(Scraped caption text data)
((

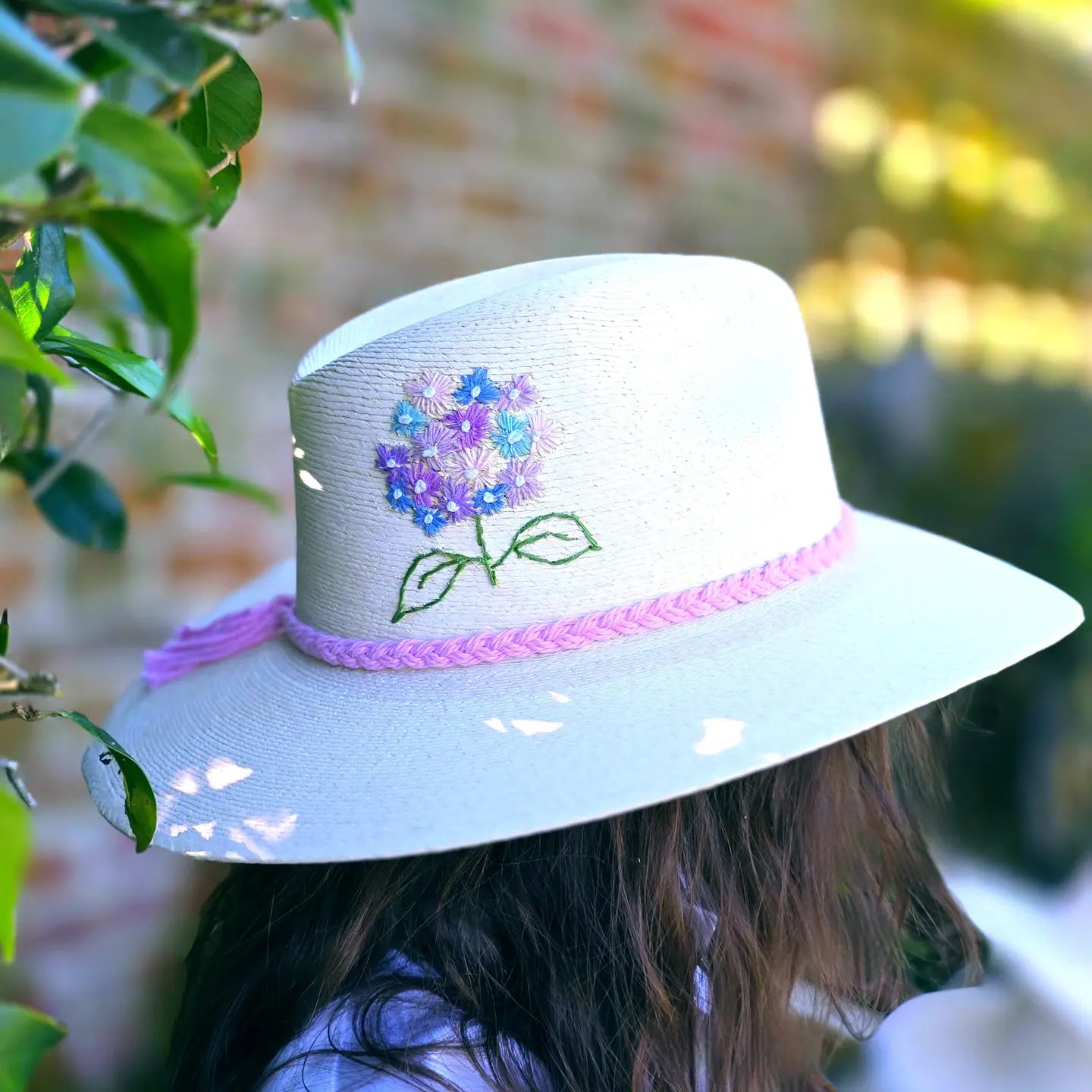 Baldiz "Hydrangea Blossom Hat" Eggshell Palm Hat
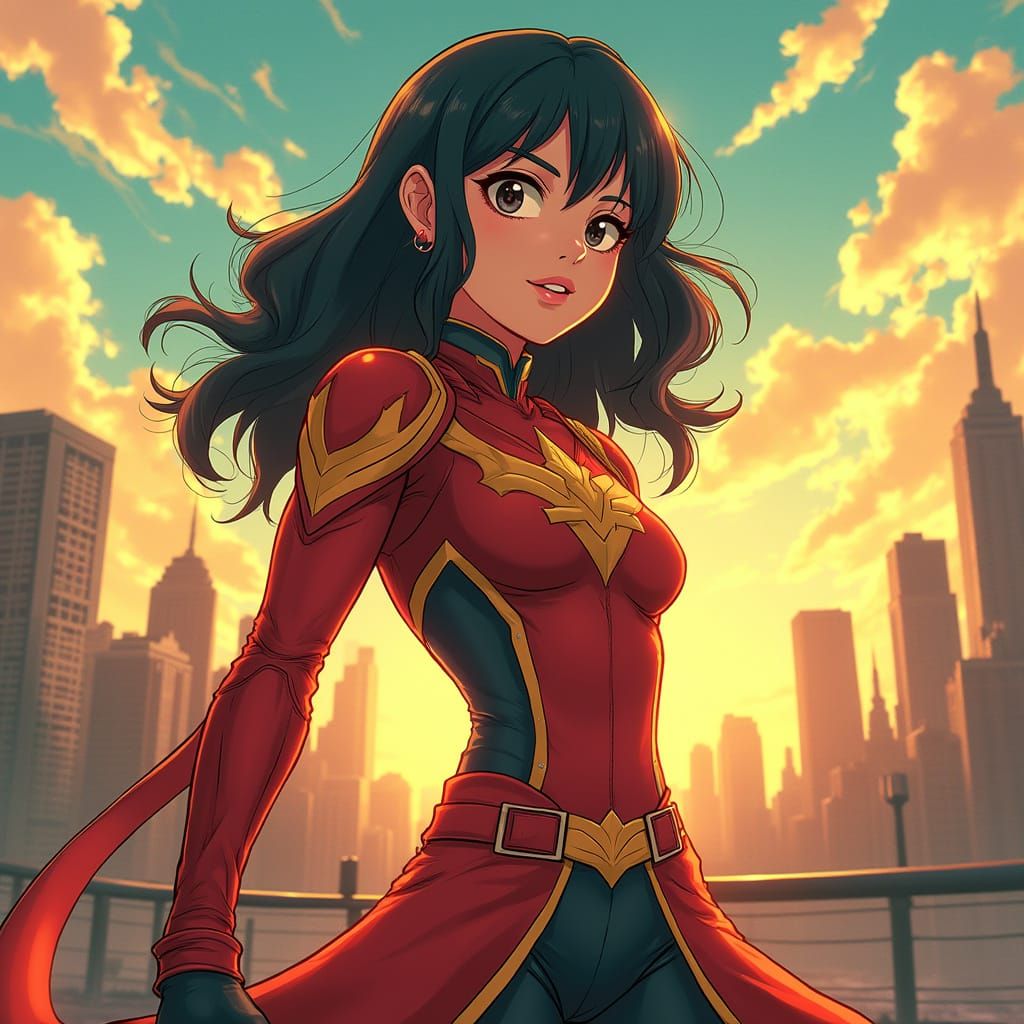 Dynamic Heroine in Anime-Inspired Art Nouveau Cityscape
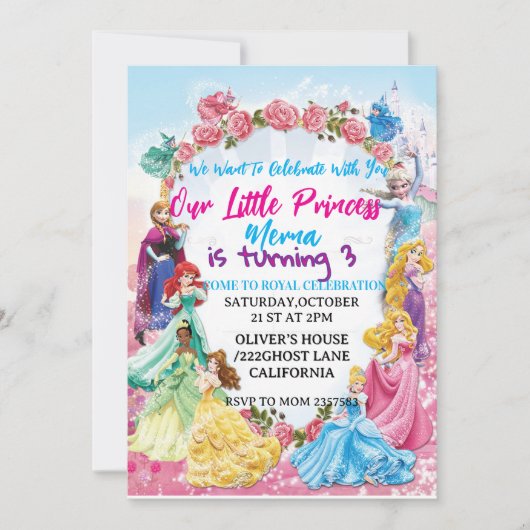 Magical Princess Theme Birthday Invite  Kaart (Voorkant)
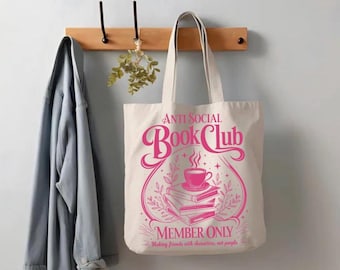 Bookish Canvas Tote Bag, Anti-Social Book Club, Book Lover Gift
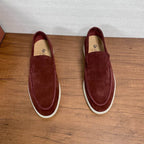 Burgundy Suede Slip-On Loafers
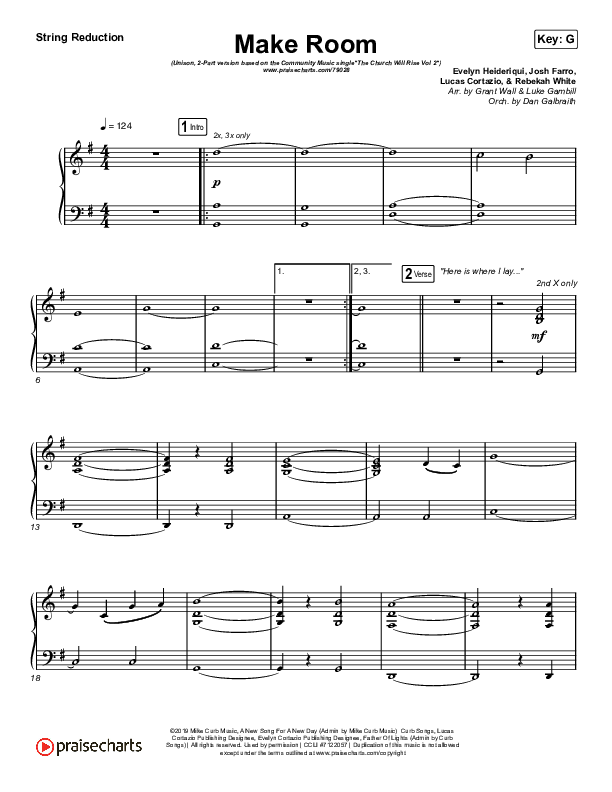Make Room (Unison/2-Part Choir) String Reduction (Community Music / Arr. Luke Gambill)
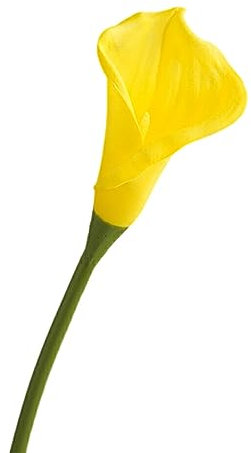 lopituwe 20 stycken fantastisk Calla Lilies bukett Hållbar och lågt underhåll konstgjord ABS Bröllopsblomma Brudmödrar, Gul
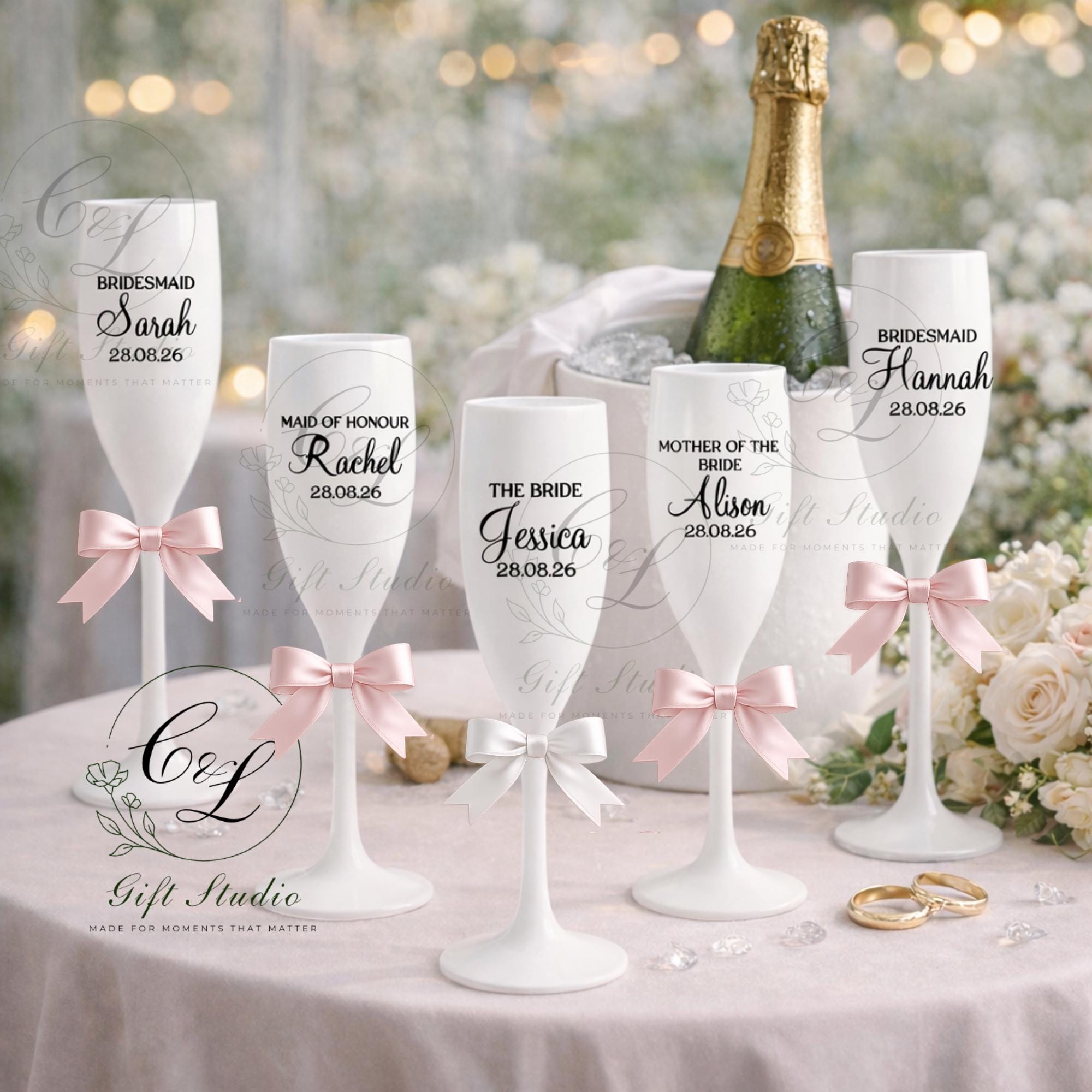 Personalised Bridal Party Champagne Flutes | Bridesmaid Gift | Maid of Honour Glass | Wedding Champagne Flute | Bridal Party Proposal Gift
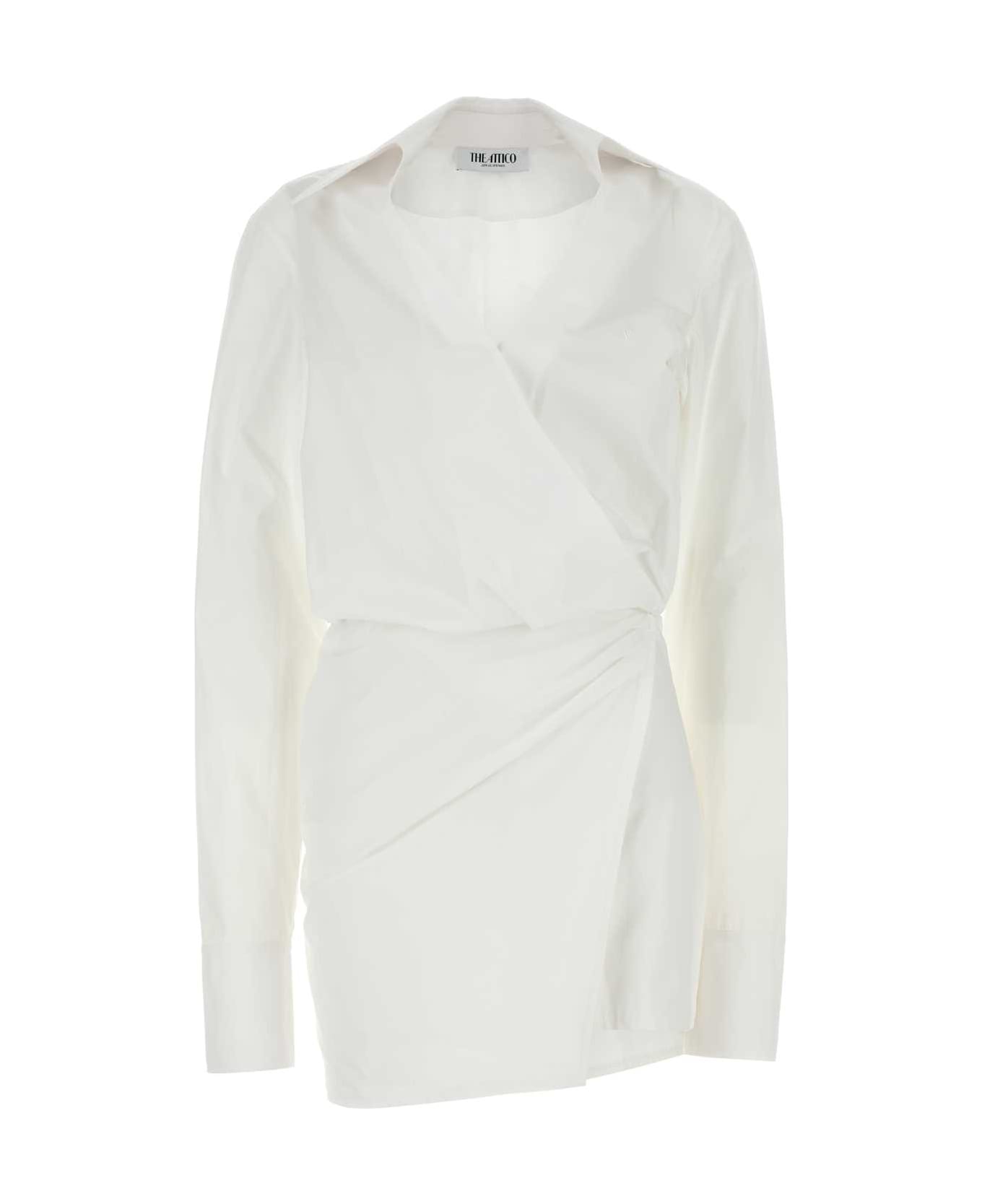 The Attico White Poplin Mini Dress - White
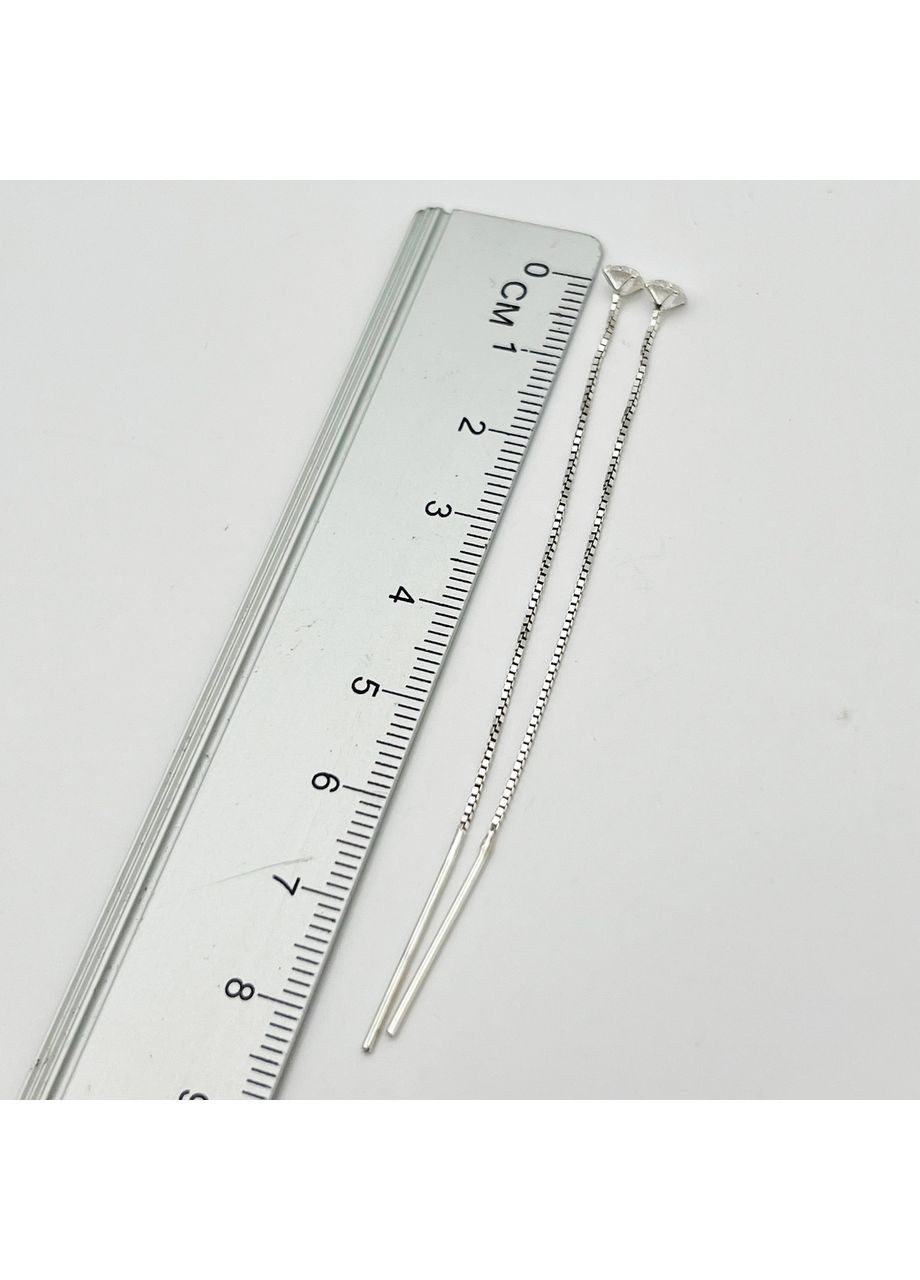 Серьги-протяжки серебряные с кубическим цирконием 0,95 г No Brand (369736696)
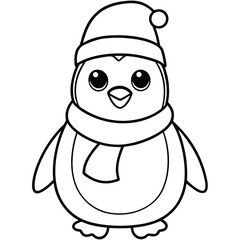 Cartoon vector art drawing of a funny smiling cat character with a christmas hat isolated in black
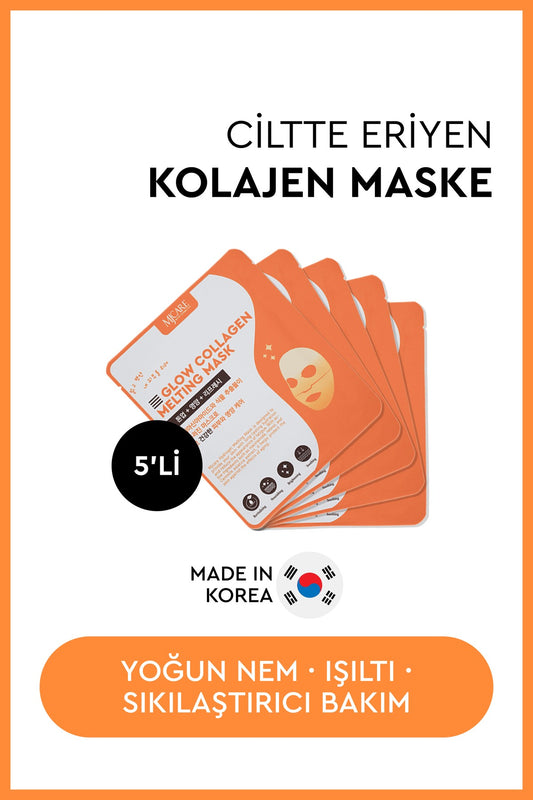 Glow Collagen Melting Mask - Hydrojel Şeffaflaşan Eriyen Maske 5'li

))

_AIM OF THE TASK_
Only the lines from the one containing "Cartoon vector art" through the last line of the entries above, both included, belong in the answer, written out exactly; pictures do not.

_ANSWER FOR THE TASK_
 Cartoon vector art drawing of a funny smiling cat character with a christmas hat isolated in black
 Glow Collagen Melting Mask - Hydrojel Şeffaflaşan Eriyen Maske 5'li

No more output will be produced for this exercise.